Armstrong respondeu de forma contundente em 26 de dezembro, chamando qualquer tentativa de reabrir a Lei GENIUS de uma “linha vermelha”. Criticou os bancos por obterem aproximadamente 4% de retorno sobre reservas mantidas na Federal Reserve enquanto pagam quase zero aos depositantes, acusando-os de “ginástica mental” ao enquadrar restrições de rendimento como preocupações de segurança.
Analisando a Comparação com a China
A menção de Armstrong à China parece destinada a construir uma narrativa competitiva: se a China faz isso, por que os EUA não podem?
No entanto, a comparação merece análise. Uma CBDC e uma stablecoin privada são instrumentos fundamentalmente diferentes. O yuan digital é uma moeda legal emitida pelo banco central da China, enquanto stablecoins são tokens atrelados ao dólar de empresas privadas.
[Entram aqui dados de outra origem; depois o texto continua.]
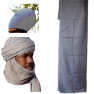 Turban Touareg gris ou turban Rasta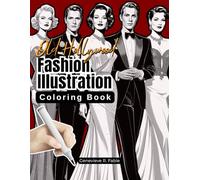 Old Hollywood Fashion Illustration Coloring Book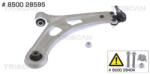 TRISCAN Brat, suspensie roata TRISCAN 8500 28595 (8500 28595) - fixbox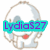 Pixelated cartoon head with light blue hair, red lips, and a white face; text overlays change across frames.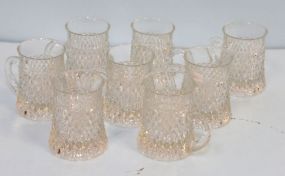 Eight Clear Mugs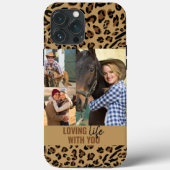 Love Life mit Ihnen Leopard Print 3 Foto Brown Case-Mate iPhone Hülle (Rückseite)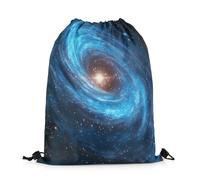 Mochila con Cordón Universe Nebula Starry Star Galaxy Trippy Outerspace Mochila Cuerdas Talla Única Gym Bag Unisex Bolsas De Cuerdas para Senderismo Viaje Compras 36X42CM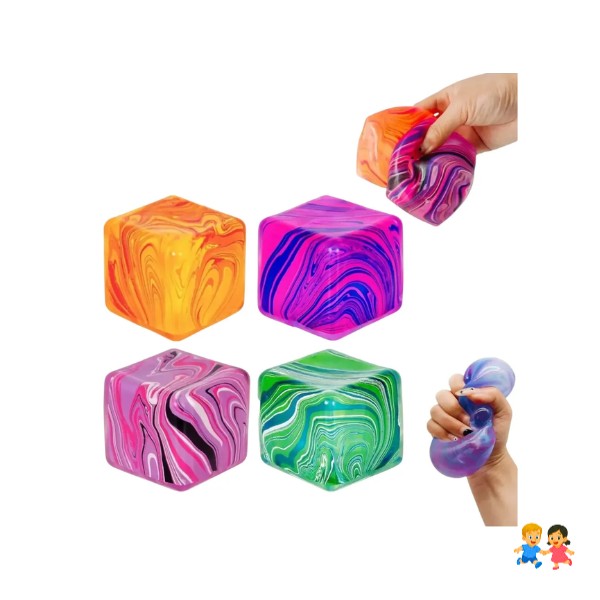 Squishy Cubo De Hielo Silicona Antiestrés Sensorial
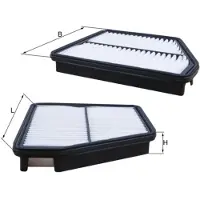 MAHLE ORIGINAL Luftfilter [Hersteller-Nr. LX1840] für Hyundai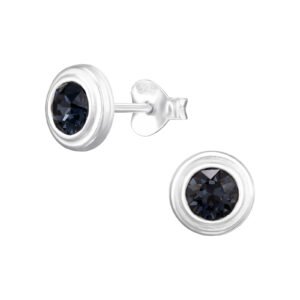 Sapphire Blue Crystal Studs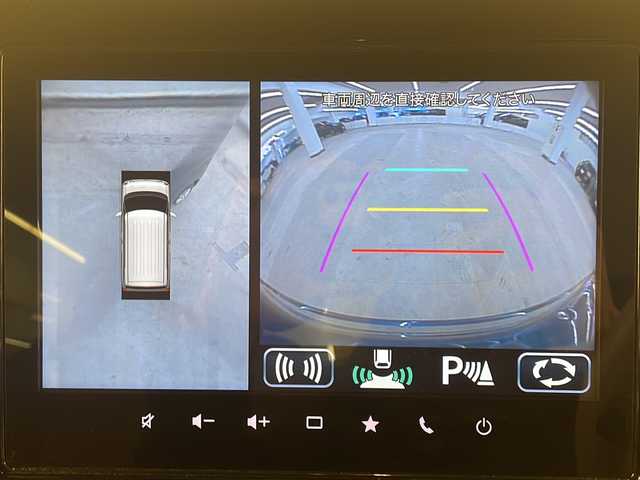 スズキ ワゴンＲ スマイル HYBRID X 道央・札幌 2022(令4)年 2.5万km インディゴブルーメタリック/ホワイト2トーン /4WD//寒冷地仕様//純正メモリナビ//純正フルセグテレビ//ドアバイザー//全方位カメラ//バックカメラ//アイドリングストップ//パーキングアシスト//プッシュスタート//スペアキー//両側パワースライドドア//ETC//LEDヘッドライト//フォグランプ
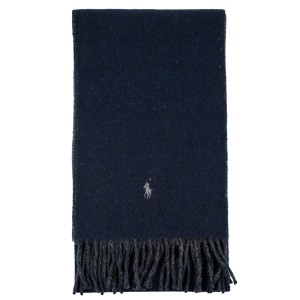 POLO RALPH LAUREN ポロラルフローレン マフラー 2023年-2024年秋冬新作 PC0455 Classic Reversible Scarf 男女兼用 リバーシブル 411 Na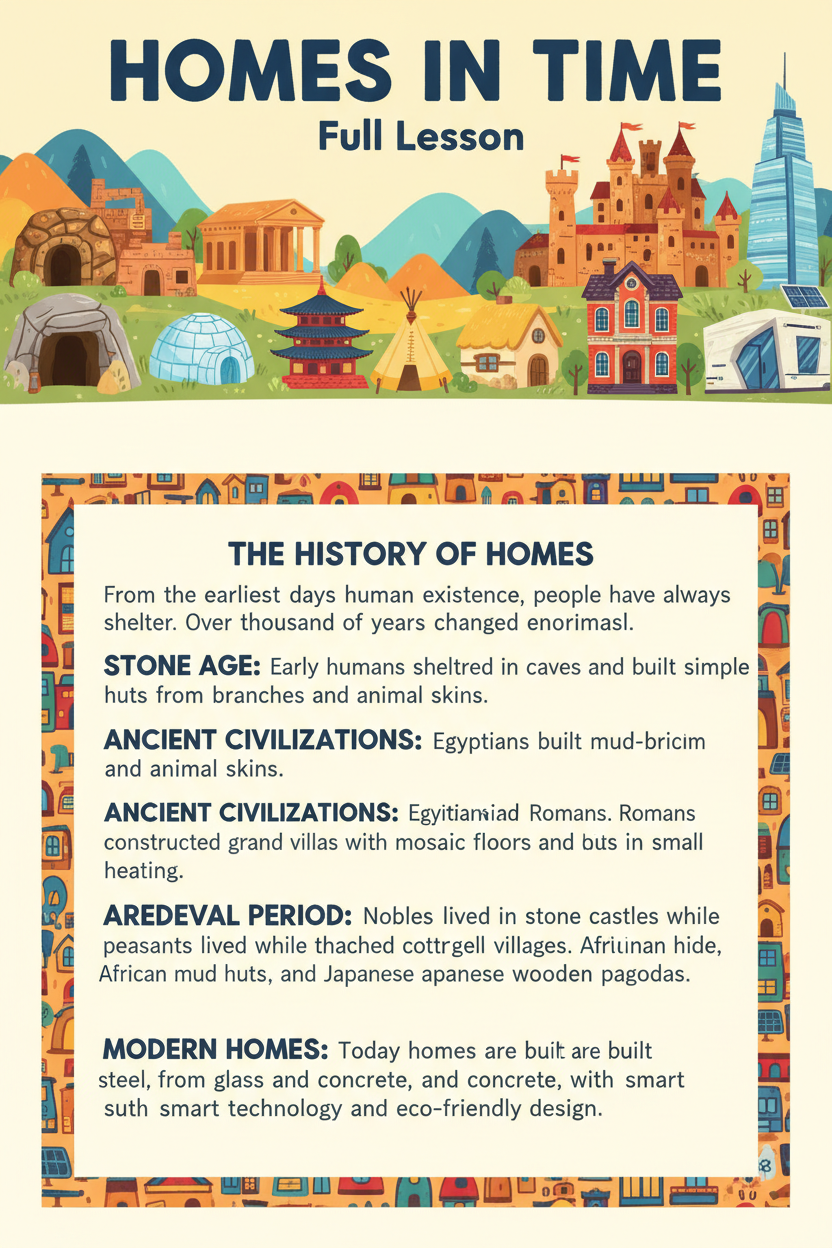 Homes In Time ---Full Lesson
Analistas apontam que o programa de juros da China reflete dificuldades de adoção, e não força competitiva — o yuan digital anteriormente não oferecia juros, enquanto plataformas de pagamento móvel dominantes ofereciam retornos, criando pouco incentivo para os usuários mudarem.
O programa de juros que entrou em vigor em 1 de janeiro é subsidiado por bancos comerciais, não pelo banco central, e as taxas provavelmente estão abaixo das taxas padrão de depósitos à vista.
O Debate Mais Amplo
Independentemente de a exemplo da China de Armstrong se sustentar, seu ponto mais amplo — de que o compartilhamento de rendimentos beneficia as pessoas comuns e não deve ser restringido — pode ressoar nos círculos de política. O debate nos EUA, em última análise, centra-se em uma questão diferente: quanto espaço as plataformas privadas devem ter para competir com os bancos por depósitos.
A tensão reflete uma divisão fundamental sobre o papel das plataformas de criptomoedas no sistema financeiro e se as regulamentações bancárias tradicionais devem se aplicar aos serviços de ativos digitais.